We've just done a whole bunch of analysis on the dup issues with G, and I wish to post an observation about just one aspect of the current problems:
The fact that even within a single site, when pages are deemed too similar, G is not throwing out the dups - they're throwing out ALL the similar pages.
The result of this miscalculation is that high quality pages from leading/authoritative sites, some that also act as hubs, are lost in the SERP's. In most cases, these pages are not actually penalized or pushed into the Supplemental index. They are simply dampened so badly that they no longer appear anywhere in the SERP's.
The current problem is actually not new IMHO. It began surfacing on or about Dec 15 or 16 of last year. At that time, the best page for the query simply seemed to take a 5-10 spot drop in the SERP's...enough to kill most traffic to the page, but at least the page was still in the SERP's. If there were previously indented listings, those were dropped way down.
From early Feb through about mid March, the situation was corrected and the best pages for specific queries were again elevated to higher rankings. When indented listings were involved however, the indented listing seemed now to be less relevant than was the case pre-Dec.
In mid March to about mid May, the situation worsened again, approximately to the problems witnessed in mid Dec., i.e., the most relevant pages dropped 5-10 spots, indents vanished as was the case in Dec.
But the most serious aspect of the problem began in mid May, when G started dropping even the best page for the query out of the visible SERP's.
A few days ago, the problem worsened, going deeper into the ranks of high quality, authoritative sites. This added fuel to what has become the longest non-update thread [webmasterworld.com] I've ever seen.
Why This is Such a Problem
The short answer is, that a lot of very useful, relevant pages, are now not being featured. I'm not talking about just downgraded. They're nowhere.
Now, I'm sure that there are sites that deserved the loss of these vanished pages. But there are plenty of others whose absense is simply hurting the SERP's. There is a difference between indexing the world's information, and making it available after all.
What is an Affected Site To Do?
One option, presumably, would be to stop allowing the robots to index the lesser pages that are 'causing' the SE's to drop ALL the related pages. But this is a disservice to the user, especially in an era when GG has gone on record as taking pride in delivering especially relevant results, and especially for longer tail terms.

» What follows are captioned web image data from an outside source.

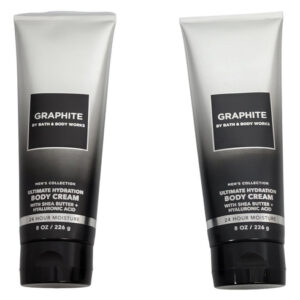 Creme Corporal Bath & Body Works Graphite Ultra Shea 240 Ml,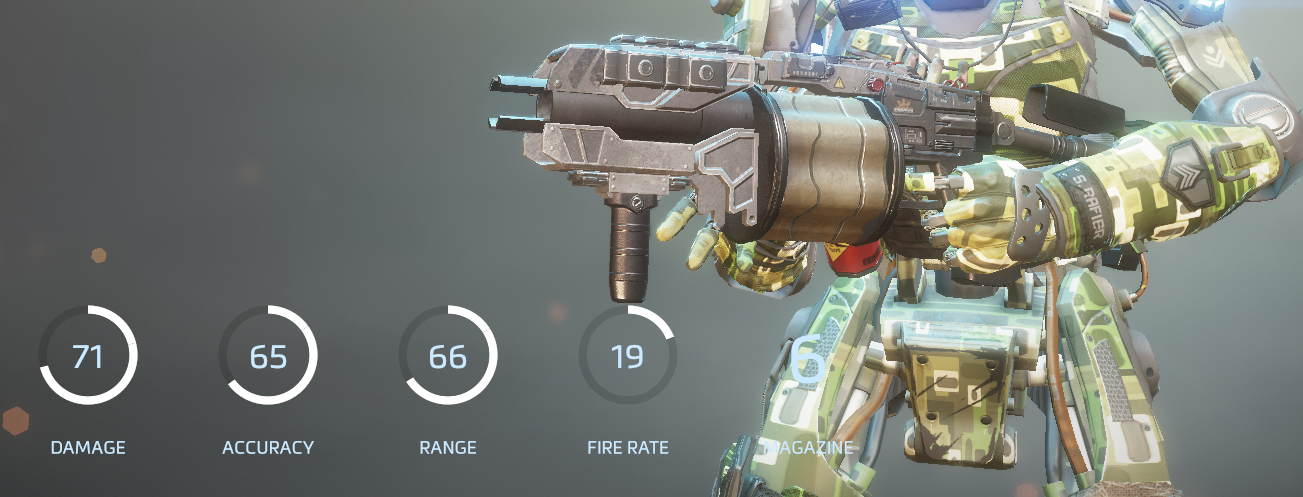 タイタンフォール2 げぇむはしりがき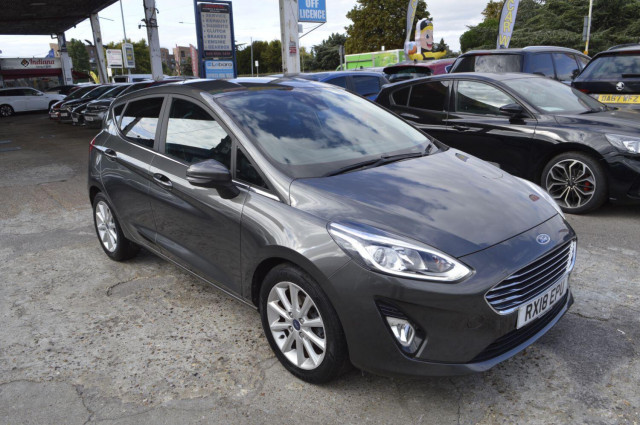 FORD FIESTA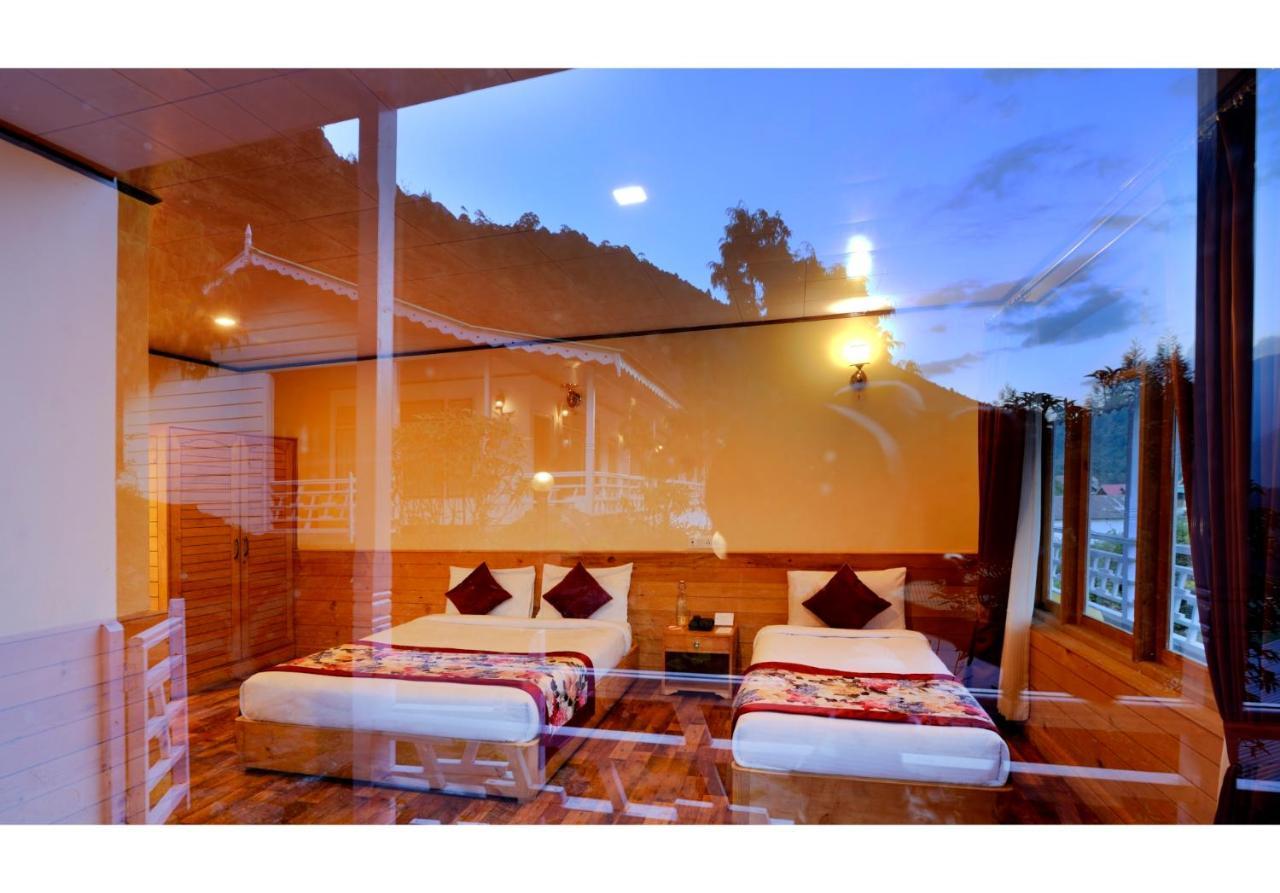 Summit Alpine Resort Lachung Exterior foto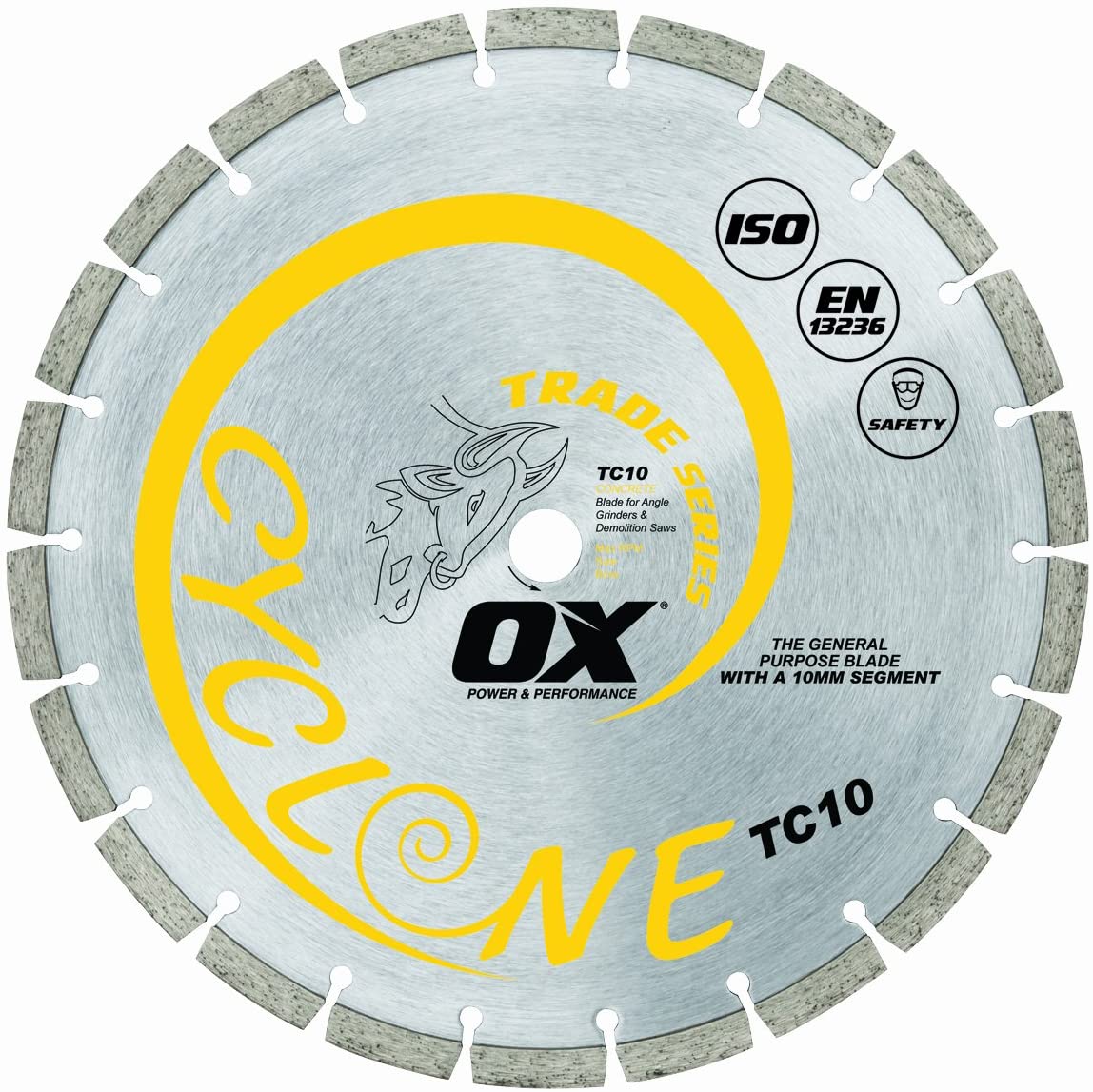 Trade Cyclone Diamond Blade Series General Purpose – OX Tools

Should we noindex all the bee subpages, so that at least searchers can find SOME page on bees from this site? (I'm assuming that noindexing or nofollowing the 'dup' pages that are not really 'dup' pages at all would nonetheless free the one remaining page on the topic to resurface; perhaps a bad assumption.)
In any case, I refuse. Talk about rigging sites simply for the purpose of ranking. That's exactly what we're NOT supposed to be doing.
G needs to sort this out. ;-)
Note: Posters, please limit comments to the specific issues outlined in this thread. There are a lot of dup issues out there right now. This is just one of them.